Supramolecular luminescent Pt(II) tweezers: aggregation studies and 1 O2 production

Abstract

Four series of Pt(II) tweezer compounds have been designed and synthesized in order to explore their ability to form supramolecular assemblies with luminescence ability. The compounds present the general chemical structure (diphos)Pt(N^N^N), where diphos is a diphosphane that differs in the flexibility and chain length (diphos = bis(diphenylphosphanyl)methane, dppm; 1,2-bis(diphenylphosphanyl)ethane, dppe and 1,2-bis(diphenylphosphanyl)benzene, dppbz) and confers the tweezer structure to the complexes. The four series are defined as a function of the substituents of the N^N^N ligands with different electronic properties (hydrogen vs. chloride) and bulkiness (p-tolyl vs. CF3).
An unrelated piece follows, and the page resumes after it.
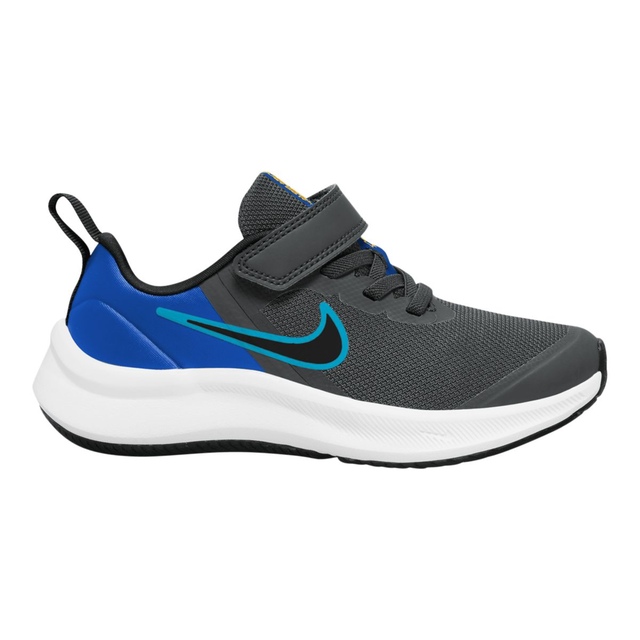 nike grade school star runner 2 running shoes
We can identify the presence of intra- and intermolecular Pt⋯Pt, Pt⋯π and π⋯π interactions based on the spectroscopic absorption and emission profiles and supported by DFT calculations giving rise to aggregates with different stabilities. The aggregation process has been carefully analyzed both in solution and in the solid state. The resulting emission properties are affected by aggregation, exemplified by the phosphorescence emission enhancement in the absence of the chloride substituent.